Altre volte sono le stesse sentenze a cambiare gli scenari politici: lo scorso anno la sentenza Dobbs v. Jackson, dove la Corte Suprema americana ha rimosso la protezione federale del diritto di aborto, è stata usata dai democratici come arma per mobilitare il proprio elettorato contro i repubblicani che gioivano per quella che definivano “una vittoria della vita”.

La cosa ironica è che quella sentenza è il prodotto di due forzature successive architettate dal leader repubblicano al Senato federale Mitch McConnell per rendere più conservatrice la Corte: prima nel febbraio 2016, quando impedì a Barack Obama di nominare un giudice in sostituzione dell’ultraconservatore Antonin Scalia, nomina che venne poi effettuata nel febbraio 2017 da Donald Trump, poi nel settembre 2020 forzò una conferma affrettata della giudice Amy Coney Barrett in sostituzione dell’icona progressista Ruth Bader Ginsburg.

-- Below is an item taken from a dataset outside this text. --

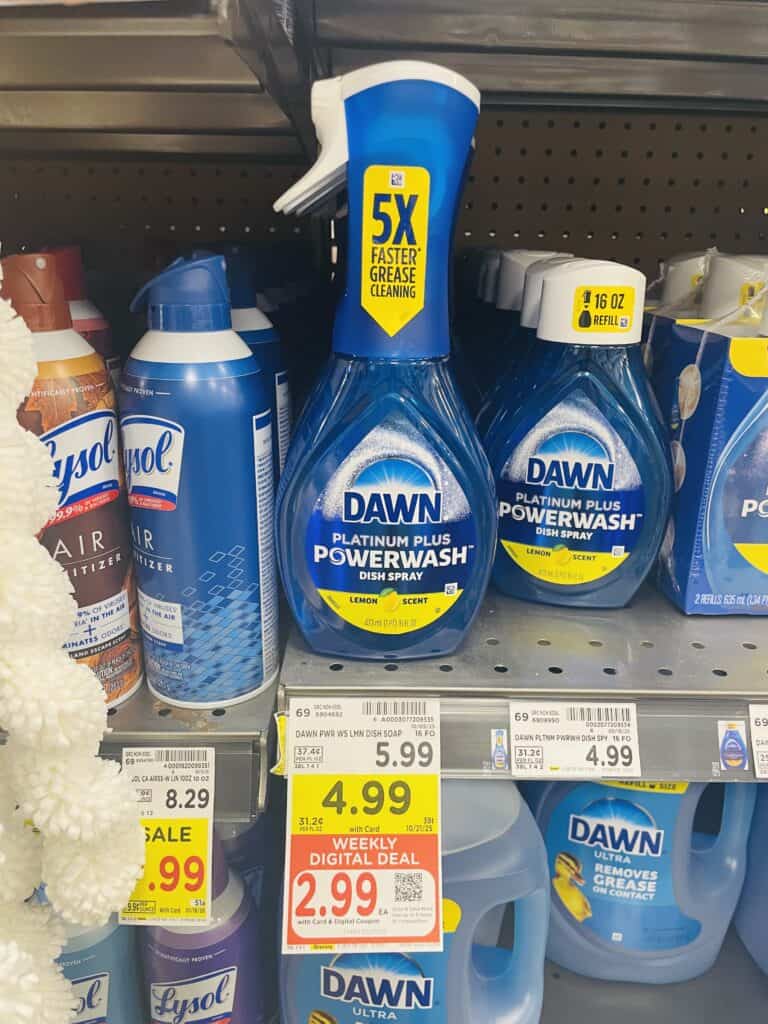 Dawn Powerwash Kroger Shelf Image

Un piano ben architettato che però ha portato a conseguenze inaspettate. Non sfugge nemmeno però che il ruolo sempre più accentuato delle corti derivi dalle continue impasse che avvengono sia a livello statale che federale in quell’eventualità che il governo sia “diviso”: ovvero quando i governatori e i presidenti devono avere a che fare con maggioranze ostili. Anche per questo l’elezione di un giudice nella Corte Suprema del Wisconsin lo scorso aprile ha portato a una spesa complessiva di 42 milioni per sostenere i due candidati, il conservatore Dan Kelly e la progressista Janet Protasiewicz.

La vittoria di quest’ultima dovrebbe consentire ai dem che sostengono il governatore Tony Evers di smontare la mappa elettorale per i seggi statali di Camera e Senato. Una modifica impossibile, data l’impasse con due rami dell’assemblea locale in mano in repubblicani.

La polarizzazione politica quindi, di fatto ha congelato i poteri delle assemblee legislative e di chi occupa le cariche esecutive, potenziando il ruolo dei tribunali, a scapito del volere dei cittadini.